Brief descriptive captions

::::::::::

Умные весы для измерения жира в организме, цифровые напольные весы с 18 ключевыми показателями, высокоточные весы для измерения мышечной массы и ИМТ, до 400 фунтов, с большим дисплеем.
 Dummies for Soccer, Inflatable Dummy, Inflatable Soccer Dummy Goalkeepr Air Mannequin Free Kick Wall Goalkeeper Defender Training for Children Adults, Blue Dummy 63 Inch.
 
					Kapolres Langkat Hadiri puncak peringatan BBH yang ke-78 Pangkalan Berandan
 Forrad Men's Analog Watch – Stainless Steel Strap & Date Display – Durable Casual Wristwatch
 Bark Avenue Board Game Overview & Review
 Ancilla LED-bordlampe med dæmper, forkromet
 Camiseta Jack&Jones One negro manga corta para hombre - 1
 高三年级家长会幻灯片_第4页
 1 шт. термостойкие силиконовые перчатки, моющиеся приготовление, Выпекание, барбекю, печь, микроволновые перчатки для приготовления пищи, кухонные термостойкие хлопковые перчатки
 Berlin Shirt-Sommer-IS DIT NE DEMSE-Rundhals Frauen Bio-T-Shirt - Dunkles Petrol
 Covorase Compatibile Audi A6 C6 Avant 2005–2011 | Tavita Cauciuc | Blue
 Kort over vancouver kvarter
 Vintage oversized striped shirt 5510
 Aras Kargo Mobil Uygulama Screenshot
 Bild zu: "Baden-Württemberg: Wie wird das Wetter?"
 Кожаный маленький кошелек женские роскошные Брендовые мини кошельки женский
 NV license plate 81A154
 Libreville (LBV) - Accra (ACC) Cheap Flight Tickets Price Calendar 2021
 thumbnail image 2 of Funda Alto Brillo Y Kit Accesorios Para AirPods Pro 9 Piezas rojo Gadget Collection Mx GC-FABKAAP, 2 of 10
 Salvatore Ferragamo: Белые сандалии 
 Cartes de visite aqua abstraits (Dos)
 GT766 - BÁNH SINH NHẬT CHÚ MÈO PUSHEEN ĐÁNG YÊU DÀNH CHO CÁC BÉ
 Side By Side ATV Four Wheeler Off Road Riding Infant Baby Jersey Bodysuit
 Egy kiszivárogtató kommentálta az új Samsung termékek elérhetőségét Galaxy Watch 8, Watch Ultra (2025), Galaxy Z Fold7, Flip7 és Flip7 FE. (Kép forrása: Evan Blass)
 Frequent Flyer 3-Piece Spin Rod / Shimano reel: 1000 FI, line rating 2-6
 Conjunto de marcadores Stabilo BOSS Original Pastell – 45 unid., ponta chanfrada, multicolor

::::::::::

§ PROBLEM TO WORK ON:
This exercise calls for the lines from the one holding "Kort over vancouver kvarter" through the end of the entries, transcribed exactly and with nothing more.

§ ANSWER TO THIS PROBLEM:
 Kort over vancouver kvarter
 Vintage oversized striped shirt 5510
 Aras Kargo Mobil Uygulama Screenshot
 Bild zu: "Baden-Württemberg: Wie wird das Wetter?"
 Кожаный маленький кошелек женские роскошные Брендовые мини кошельки женский
 NV license plate 81A154
 Libreville (LBV) - Accra (ACC) Cheap Flight Tickets Price Calendar 2021
 thumbnail image 2 of Funda Alto Brillo Y Kit Accesorios Para AirPods Pro 9 Piezas rojo Gadget Collection Mx GC-FABKAAP, 2 of 10
 Salvatore Ferragamo: Белые сандалии 
 Cartes de visite aqua abstraits (Dos)
 GT766 - BÁNH SINH NHẬT CHÚ MÈO PUSHEEN ĐÁNG YÊU DÀNH CHO CÁC BÉ
 Side By Side ATV Four Wheeler Off Road Riding Infant Baby Jersey Bodysuit
 Egy kiszivárogtató kommentálta az új Samsung termékek elérhetőségét Galaxy Watch 8, Watch Ultra (2025), Galaxy Z Fold7, Flip7 és Flip7 FE. (Kép forrása: Evan Blass)
 Frequent Flyer 3-Piece Spin Rod / Shimano reel: 1000 FI, line rating 2-6
 Conjunto de marcadores Stabilo BOSS Original Pastell – 45 unid., ponta chanfrada, multicolor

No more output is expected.